**Task objective**
In the listing below, print exactly the lines from the first through the one that contains "Мощный HP G6 4 ядра/ RAM 6/ SSD+HDD".

◆ ◆ ◆ ◆ ◆ ◆ ◆

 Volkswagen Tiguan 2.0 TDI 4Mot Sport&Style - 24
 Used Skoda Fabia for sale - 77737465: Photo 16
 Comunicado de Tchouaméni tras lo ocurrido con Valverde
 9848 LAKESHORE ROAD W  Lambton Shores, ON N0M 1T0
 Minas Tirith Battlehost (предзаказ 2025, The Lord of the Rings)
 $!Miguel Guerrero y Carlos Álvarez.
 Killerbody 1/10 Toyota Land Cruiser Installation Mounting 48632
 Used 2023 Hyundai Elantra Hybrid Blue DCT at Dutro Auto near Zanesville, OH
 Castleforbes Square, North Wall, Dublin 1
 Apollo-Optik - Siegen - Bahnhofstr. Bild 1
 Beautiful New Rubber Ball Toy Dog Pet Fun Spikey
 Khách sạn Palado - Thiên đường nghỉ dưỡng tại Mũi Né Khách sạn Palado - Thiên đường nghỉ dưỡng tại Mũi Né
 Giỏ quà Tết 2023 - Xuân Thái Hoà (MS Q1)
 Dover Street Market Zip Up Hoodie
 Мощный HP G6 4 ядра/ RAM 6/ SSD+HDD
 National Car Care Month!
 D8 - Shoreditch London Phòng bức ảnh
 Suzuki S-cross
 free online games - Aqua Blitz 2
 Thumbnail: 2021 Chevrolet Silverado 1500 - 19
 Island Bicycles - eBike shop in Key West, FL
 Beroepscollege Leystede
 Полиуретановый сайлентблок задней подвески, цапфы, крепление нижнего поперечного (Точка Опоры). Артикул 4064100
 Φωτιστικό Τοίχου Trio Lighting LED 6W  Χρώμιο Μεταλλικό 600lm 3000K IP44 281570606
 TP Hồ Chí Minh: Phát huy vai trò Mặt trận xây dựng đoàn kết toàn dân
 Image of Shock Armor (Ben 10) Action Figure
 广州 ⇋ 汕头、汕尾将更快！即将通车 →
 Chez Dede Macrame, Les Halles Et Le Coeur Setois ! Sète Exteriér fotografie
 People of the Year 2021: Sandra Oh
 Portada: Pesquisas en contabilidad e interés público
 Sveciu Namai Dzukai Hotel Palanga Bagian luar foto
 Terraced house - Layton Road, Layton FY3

◆ ◆ ◆ ◆ ◆ ◆ ◆

**Reply to the task**
 Volkswagen Tiguan 2.0 TDI 4Mot Sport&Style - 24
 Used Skoda Fabia for sale - 77737465: Photo 16
 Comunicado de Tchouaméni tras lo ocurrido con Valverde
 9848 LAKESHORE ROAD W  Lambton Shores, ON N0M 1T0
 Minas Tirith Battlehost (предзаказ 2025, The Lord of the Rings)
 $!Miguel Guerrero y Carlos Álvarez.
 Killerbody 1/10 Toyota Land Cruiser Installation Mounting 48632
 Used 2023 Hyundai Elantra Hybrid Blue DCT at Dutro Auto near Zanesville, OH
 Castleforbes Square, North Wall, Dublin 1
 Apollo-Optik - Siegen - Bahnhofstr. Bild 1
 Beautiful New Rubber Ball Toy Dog Pet Fun Spikey
 Khách sạn Palado - Thiên đường nghỉ dưỡng tại Mũi Né Khách sạn Palado - Thiên đường nghỉ dưỡng tại Mũi Né
 Giỏ quà Tết 2023 - Xuân Thái Hoà (MS Q1)
 Dover Street Market Zip Up Hoodie
 Мощный HP G6 4 ядра/ RAM 6/ SSD+HDD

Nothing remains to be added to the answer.